The UN and negotiations

After a series of failed negotiations in the first 18 months of the war, military stalemate has been complemented by a diplomatic one since mid-2016, with nothing more than shuttling of the UN Secretary General’s Special Envoy (UNSE) between the different official parties to the war: the Hadi government, the then Huthi/Saleh alliance in Sana’a, the Saudi Arabian and UAE capitals, those of the coalition’s main supporters, the USA, UK and occasionally France. A third UNSE, the Briton Martin Griffiths, was officially appointed in March 2018, with widespread support from all international quarters. His appointment raised hope among the millions of suffering Yemenis. Initially, he wisely announced that he would listen to all and present a new draft peace plan to the United Nations Security Council (UNSC) and concerned parties in June. His shuttle diplomacy seemed more promising than that of his predecessor as, not only did he visit Sana’a frequently but even met the top Huthi leadership. To what extent was optimism at his appointment justified? He has access to top decision makers, and benefited from a positive image as he was praised for a range of skills. However none of this was complemented with action which might lead to success.

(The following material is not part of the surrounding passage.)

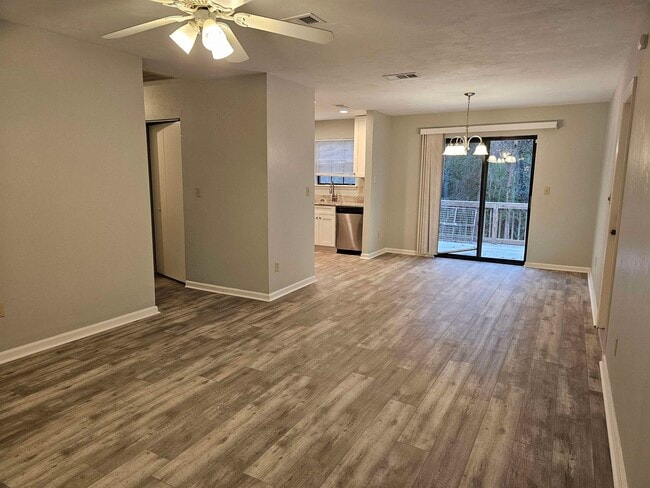 Building Photo - 8224 Hunters Ridge Trail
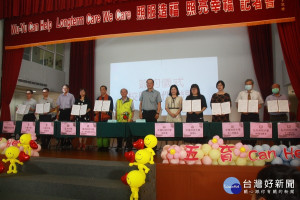 五育高中與中區多所科技及大學簽訂校際聯盟合作。（記者扶小萍攝）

The Hadi government and the Saudi-led coalition have remained consistent on their preconditions for peace negotiations. These are uncompromising, effectively demanding complete Huthi surrender, which goes a long way to explaining the lack of progress. Their demands focus on the implementation of ‘three references’ repeated ad nauseam. How useful are they as negotiating points? They are

  • First: the Outcomes of the National Dialogue Conference. Completed in January 2014, the NDC had more than 1800 ‘outcomes,’ including sometimes incompatible proposals. This reference could be adjusted to reach agreement. The NDC was followed by the draft Constitution of January 2015, which was the trigger for the final take-over of government by the then Huthi-Saleh alliance as it included a clause totally unacceptable to the Huthis, Saleh and, indeed, most southern separatists, namely a six-region federal state. However this is also negotiable as the issue was not the number of regions, but rather their borders.
  • Second is ‘returning to the GCC Initiative’, a largely meaningless reference, as it refers to the entire transition process initiated in November 2011. This should be negotiable, and indeed contains elements which are to Huthi advantage, for example the statement that the transition was to last two years [February 2012-2014], thus ending the ‘legitimacy’ of Hadi’s presidency in 2014, regardless of the unilateral extension of his tenure by then UNSE Jamal Benomar. A government of national consensus should also be acceptable to the Huthis while the proposed financial support from the country’s international partners would be welcome by most Yemeni parties.
  • Third is UN Security Council Resolution 2216 of April 2015. This resolution, which is repeatedly stated to be non-negotiable by both the Saudi-led coalition and the Hadi government, is the most contentious. It has two main features which explain the intransigence of its upholders: by ‘reaffirming its support for the legitimacy of the President of Yemen, Abdo Rabbo Mansour Hadi,’ it endorses the continuation of Hadi’s position beyond 2014. Second, under chapter VII of the UN Charter, it ‘demands that the Houthis immediately and unconditionally a) end the use of violence, b) withdraw their forces from all areas they have seized, including the capital Sana’a.’ Additional clauses demand the Huthi give up their weapons, including missiles and refrain from provocations to neighbouring states.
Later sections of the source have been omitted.